> INFORMATION PROVIDED
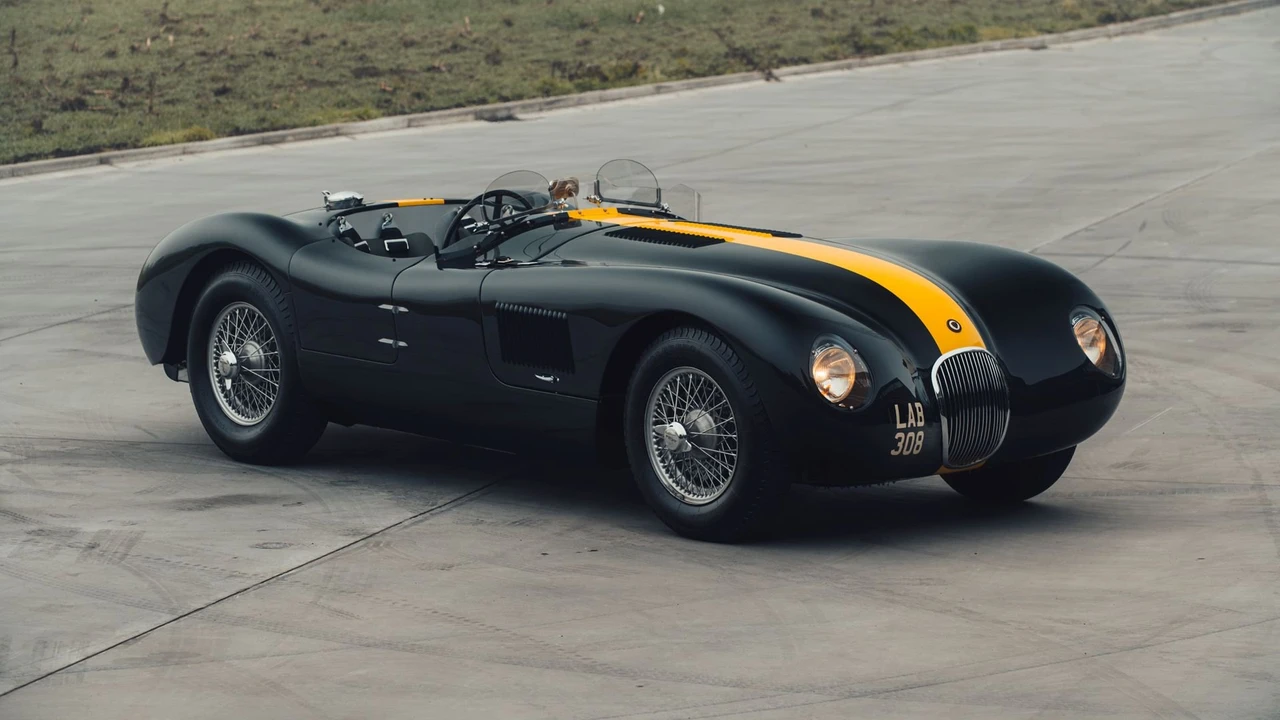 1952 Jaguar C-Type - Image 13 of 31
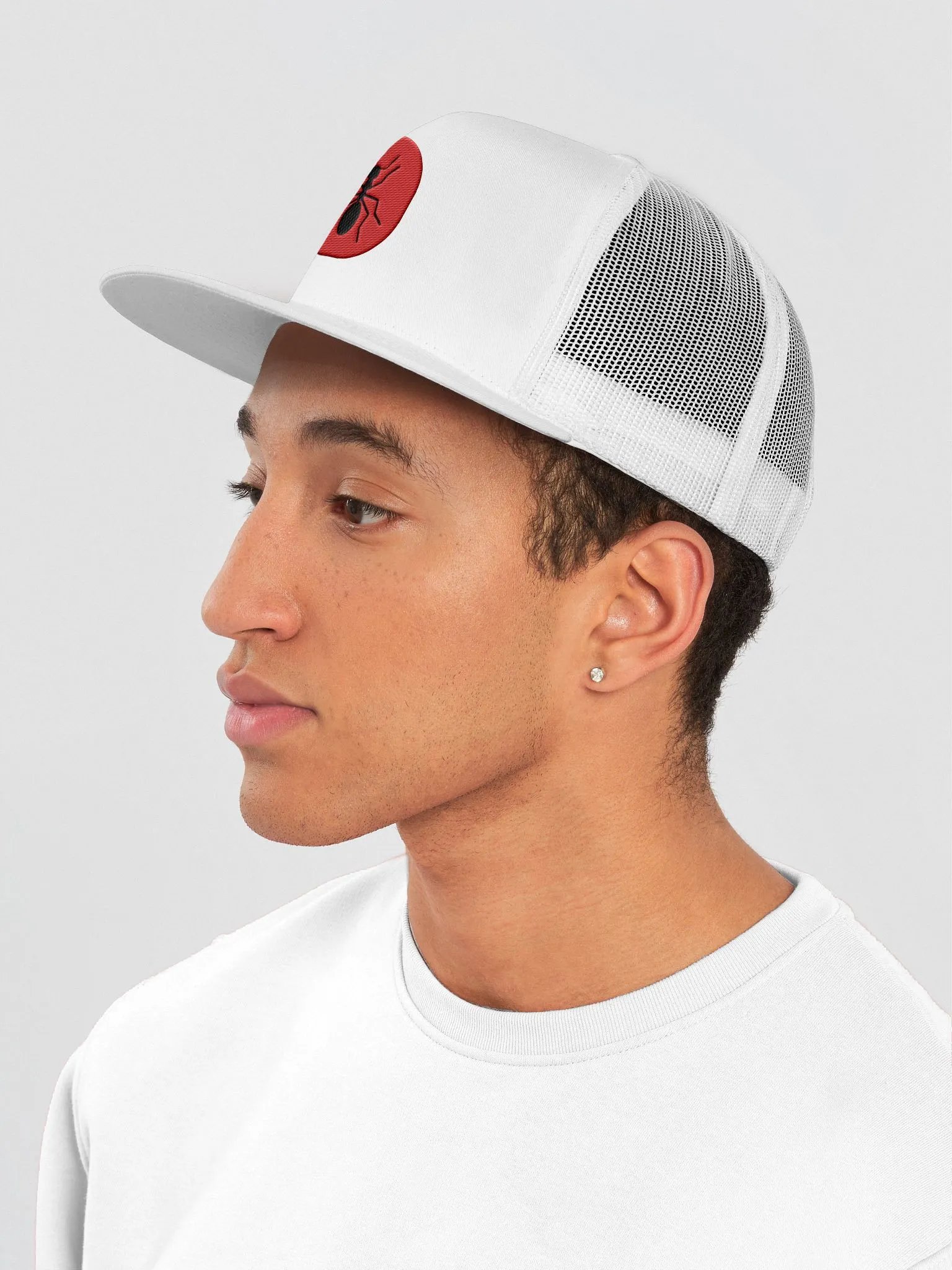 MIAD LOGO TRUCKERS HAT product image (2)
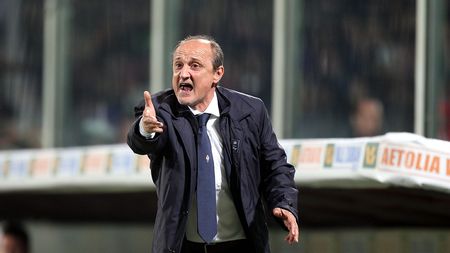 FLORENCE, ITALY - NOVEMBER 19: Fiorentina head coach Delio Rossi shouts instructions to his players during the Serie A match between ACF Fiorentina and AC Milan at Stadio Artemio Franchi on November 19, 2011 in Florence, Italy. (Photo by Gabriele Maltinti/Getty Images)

> TASK INSTRUCTIONS
Could you repeat each line above exactly as written? Omit the pictures.

> OUTPUT
 1952 Jaguar C-Type - Image 13 of 31
 MIAD LOGO TRUCKERS HAT product image (2)
 FLORENCE, ITALY - NOVEMBER 19: Fiorentina head coach Delio Rossi shouts instructions to his players during the Serie A match between ACF Fiorentina and AC Milan at Stadio Artemio Franchi on November 19, 2011 in Florence, Italy. (Photo by Gabriele Maltinti/Getty Images)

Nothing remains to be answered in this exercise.